C2BMC is the integrating element of our missile defense system. Our F.Y. '24 request of $516 million sustains the C2BMC planner, situational awareness, battle management, training and space domain awareness capabilities for combatant commands and the global missile defense network. The request also continues development and integration of space sensors and other upgrades to track, type, and warn of advancing threats.
Next chart please? The missile defense system includes complex weapons systems and interceptors to defeat the evolving missile threats. The Ground-based Midcourse Defense system, or GMD, serves as the continuously available missile defense capability for defending our homeland against today's rogue state ballistic missile threats. The request for GMD is $3.3 billion.
The F.Y. '24 request sustains and -- and improves the performance, reliability, availability and cybersecurity resiliency of the GMD weapons system. We will continue upgrades of the homeland defense system capabilities, including ground-based interceptors, ground systems, and phased array GBI communication terminals. We will continue improving components of the GMD system, including GBIs, fire control nodes, communication systems, launch systems, and infrastructure to pace threats to our homeland.
The Next Generation Interceptor, or NGI, will provide a more capable and robust missile solution and features a multiple kill vehicle payload, improves survivability, and increased performance against projected threats from North Korea and potentially Iran.
Our F.Y. '24 request continues development of two NGI designs through the Critical Design Review required for delivery no later than the F.Y. '28 timeframe. Our request continues NGI design, development, prototyping, integration and relevant environmental testing to mature the booster, payload, sensors, and design-specific critical technologies and technology elements.
Our F.Y. '24 request for the defense of Guam is $801 million. Current forces are capable of defending Guam against today's North Korean ballistic missile threats. However, the regional threat to Guam, including those from PRC, continues to rapidly evolve.
The defense of Guam architecture design includes integration of MDA, Army, and Navy systems. In F.Y. '22 and F.Y. '23, we began system architecture work and procurement for the enhanced defense of Guam. The MDA F.Y. '24 request includes the development of the AN/TPY-6 radar to provide persistent long range midcourse discrimination, precision tracking and hit assessment capabilities for long range missile threats.
Our F.Y. '24 request includes Aegis Guam System development and procurement of launch equipment and includes military construction planning and design funding for system siting.
The Aegis missile defense request is $1.6 billion and continues to upgrade the Aegis weapons system missile capabilities and procure additional missiles. 27 Aegis SM-3 block 1B missiles and 12 SM-3 block 2A missiles will be procured for deployment at sea on multi-mission-capable Aegis ships and on land at the two Aegis Ashore sites in Europe.

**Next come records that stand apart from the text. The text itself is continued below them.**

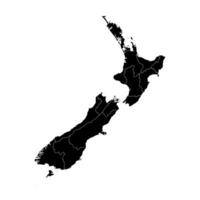 New Zealand map with administrative divisions. Vector illustration.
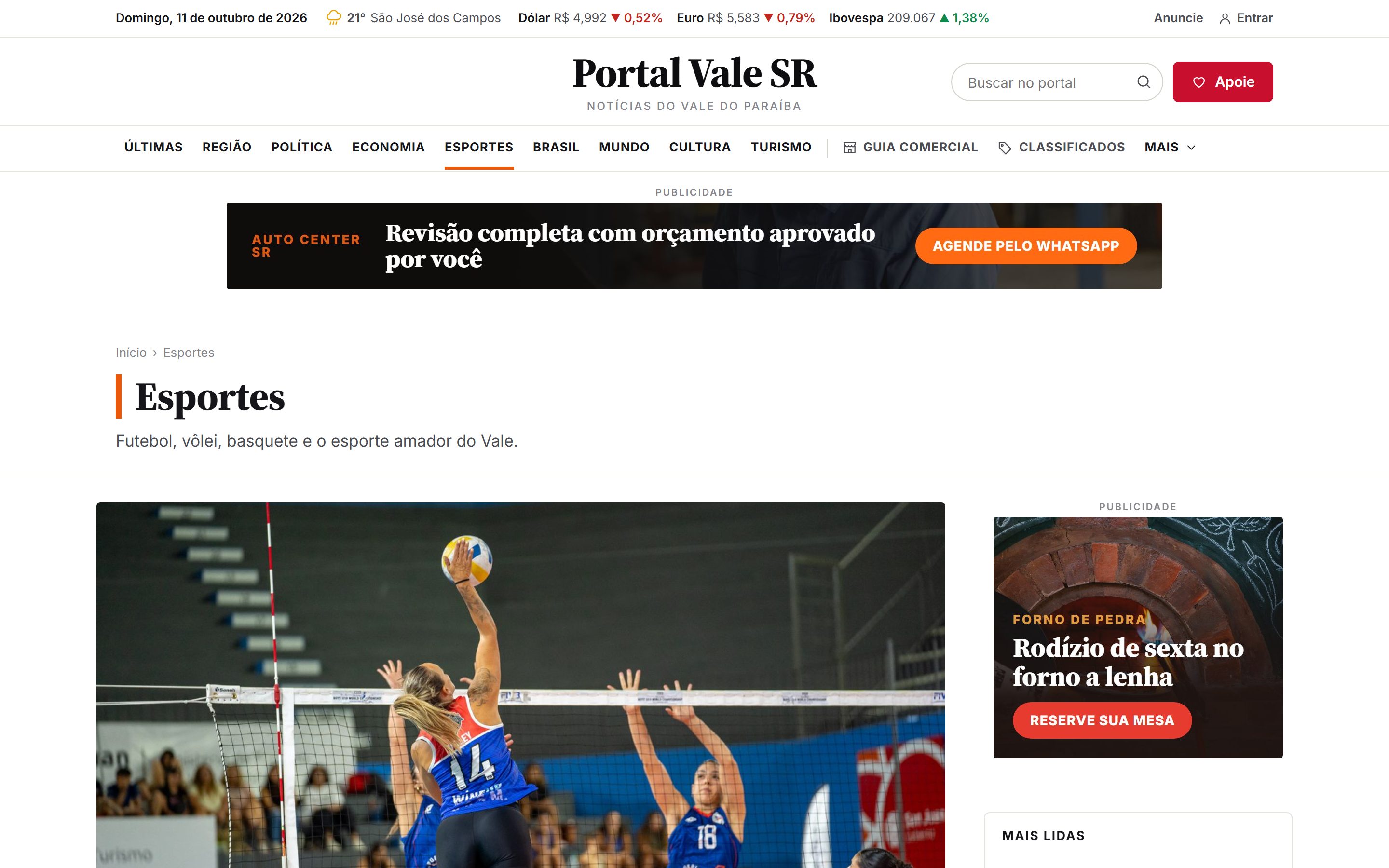 Editoria com notícias da redação e da Agência Brasil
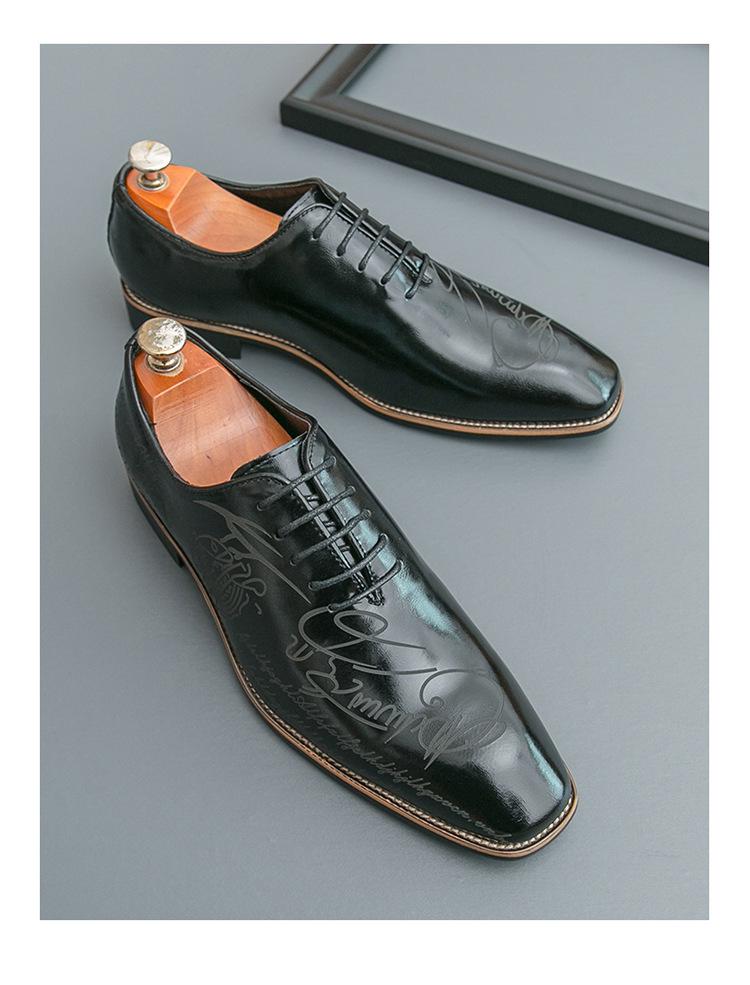 Men's British-Style Leather Shoes - Spring/Autumn 2026 Collection, Casual Large Size Business Footwear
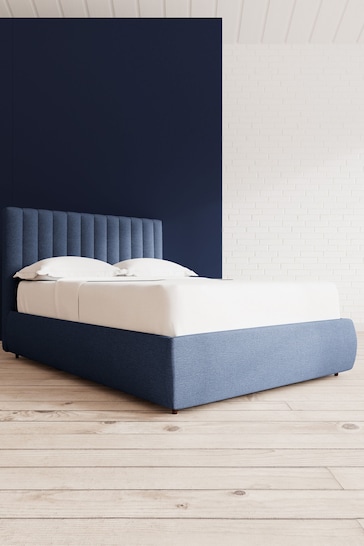 Swoon Houseweave Navy Blue Porlock Divan Bed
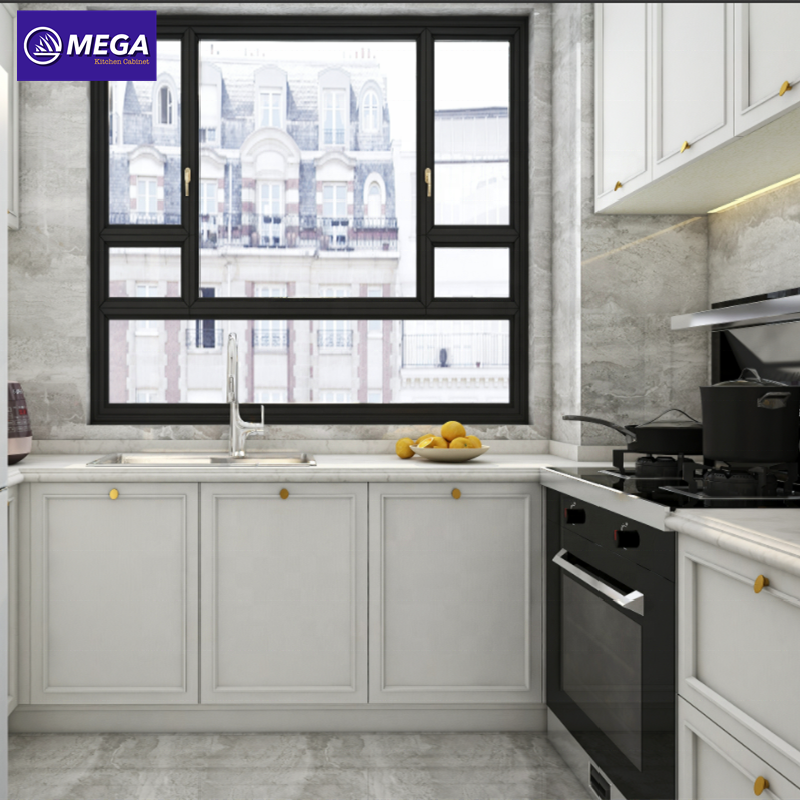 Top class fitting kitchen design American style home kitchen furniture cabinet with tall pantry kitchen cupboard set cabinet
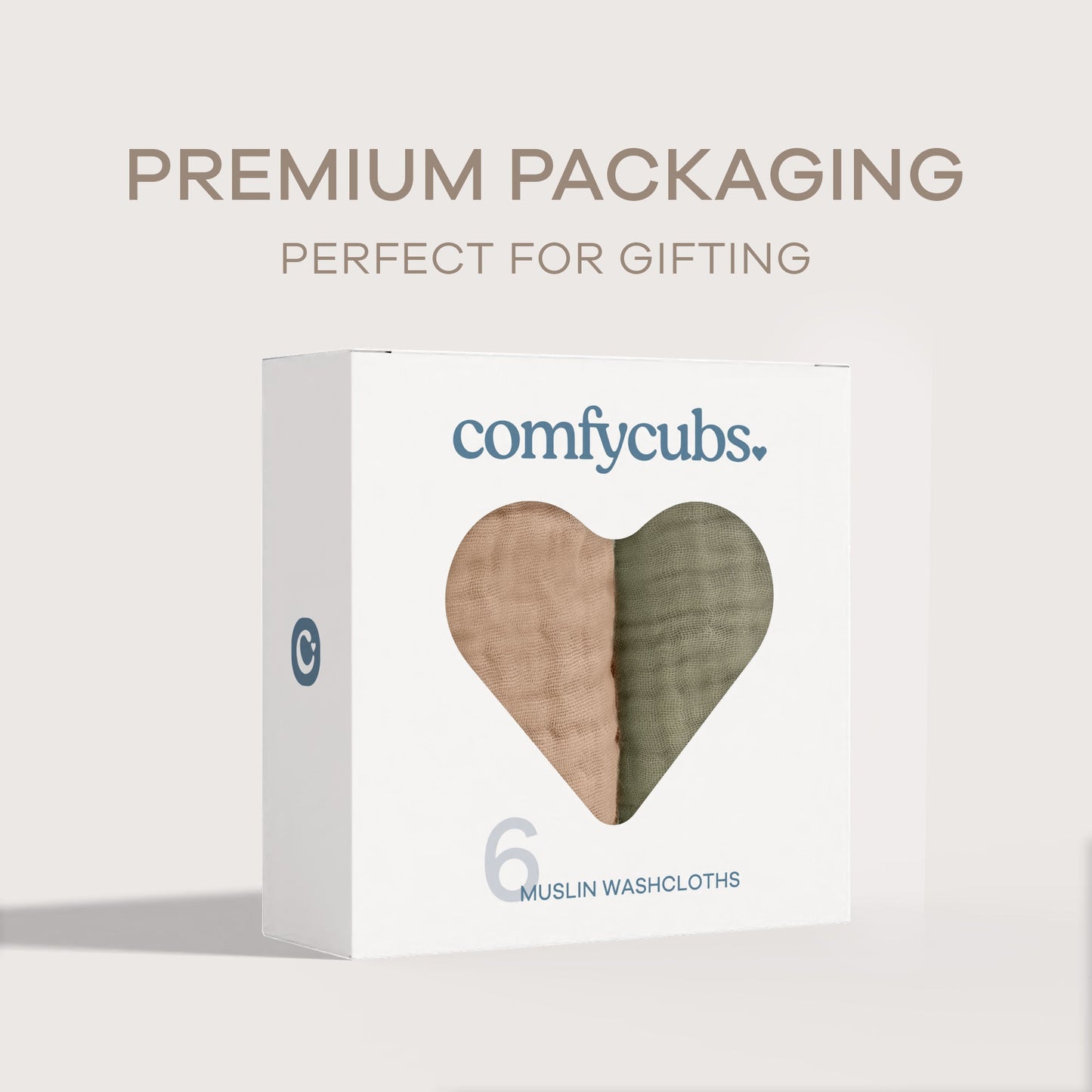 Muslin Washcloths by Comfy Cubs - Multicolor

We will continue to upgrade sensors with software modifications in the Aegis fleet that will further improve AN/SPY-1 sensitivity tracking performance and resource utilization to increase capability and performance against longer range and more sophisticated threats. We will also continue to develop and install Aegis weapons system upgrades that integrate and -- and enhance missile defense capability for the SPY-6 radar and the Navy's newest Aegis destroyers.
The THAAD weapons system is a globally transportable, ground-based missile defense system, which is highly effective against short range, medium range, and intermediate range threats. The F.Y. '24 THAAD request is $400 million.

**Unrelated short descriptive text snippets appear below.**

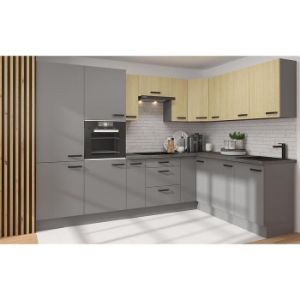 Obrazek Szafka kuchenna NESSA antracyt 50gu-36 1f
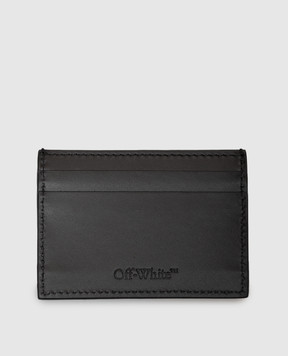 Off-White Black leather Goofy cardholder OWMND04F26LT01
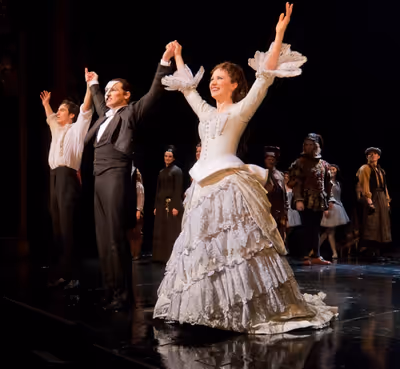 Sean MacLaughlin, Hugh Panaro, and Sara Jean Ford Photo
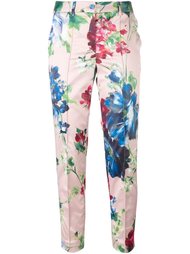 укороченные брюки с цветочным узором Blumarine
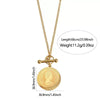 Wholesale Stainless Steel Geometric Light Luxury Electroplated Round Queen Head Portrait Pendant Necklace Jewelry Unisex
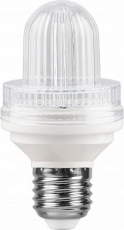 Лампа светодиодная для белт лайта LB-377 (2W) 230V E27 6400K -строб прозрачный | 25929 | FERON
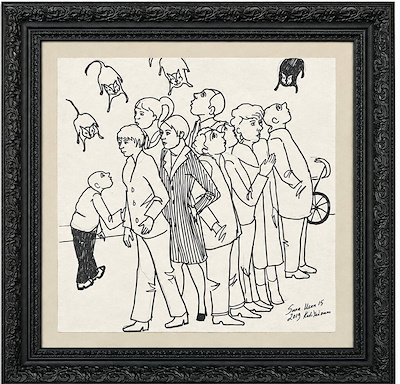 Sema Barlas imzalı tablo — Karışık Teknik, 35×35 cm, 5.000 TL müzayede satışı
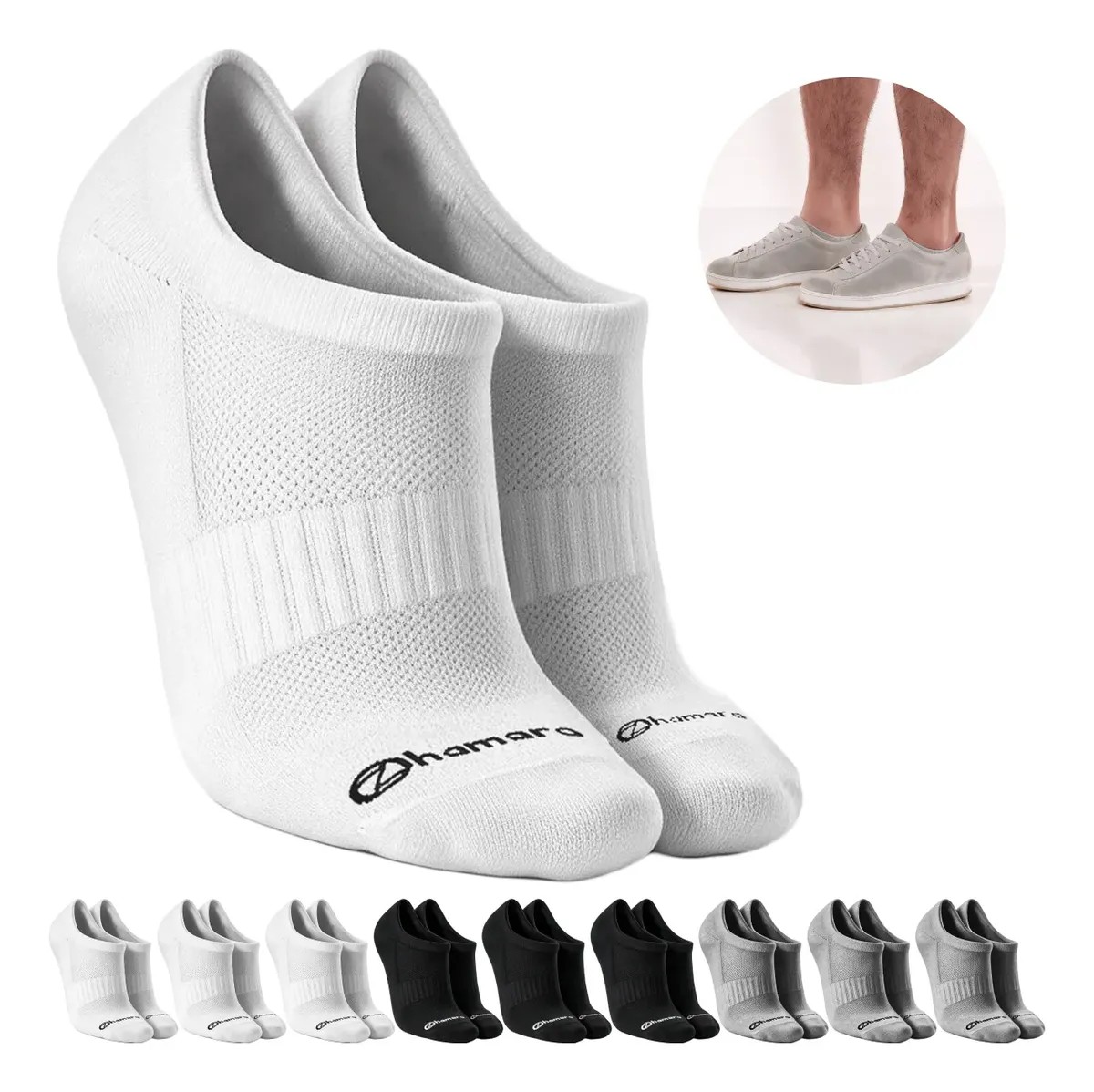 Kit 10 Pares Meias Zhamaro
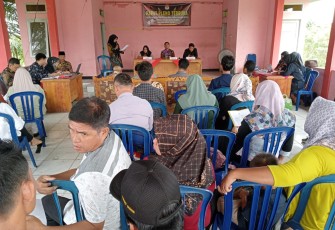 Polsek Batik Nau Monitoring Rapat Pleno Terbuka Rekapitulasi DPHP Pemilu Tahun 2024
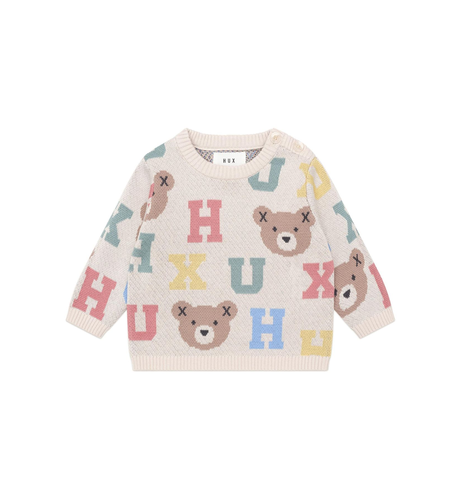 Huxbaby Hux Alphabet Knit Jumper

In F.Y. '24, we will procure 11 THAAD interceptors and increase stockpile reliability to extend end-service interceptor life. We will also continue development and integration of multiple THAAD software builds to improve readiness, reliability, availability and capability.
Our F.Y. '24 budget request will continue testing of THAAD and Patriot interoperability to increase the defended area. FTX-28 is a key F.Y. '24 test of this capability.
Next slide? As always, we are looking to develop new technologies to keep pace with the evolving threats. We are continuing to develop a regional hypersonic defense capability. We are developing a glide phase intercept capability for future demonstration and delivery.
This effort will develop a new interceptor and modify the existing Aegis weapons system to defeat hypersonic threats in the glide phase. The request for hypersonic defense is $209 million and F.Y. '24 efforts will focus on early risk reduction of critical technologies.
Our F.Y. '24 budget request includes $39 million to continue our innovation, science and technology program, to explore leap-ahead and disruptive technologies, and develop emerging capabilities to enhance our missile defenses.
We are requesting $552 million for systems engineering to continue to provide critical products and processes needed to combine element missile defense capabilities into a single integrated and layered system.
Testing is a critical aspect of Missile Defense Agency's mission. Validating system performance through flight and ground test is paramount to building warfighter confidence in our system. To that end, our F.Y. '24 request includes $346 million for flight, ground and cybersecurity testing and $517 million for development of threat representative targets used during the flight testing.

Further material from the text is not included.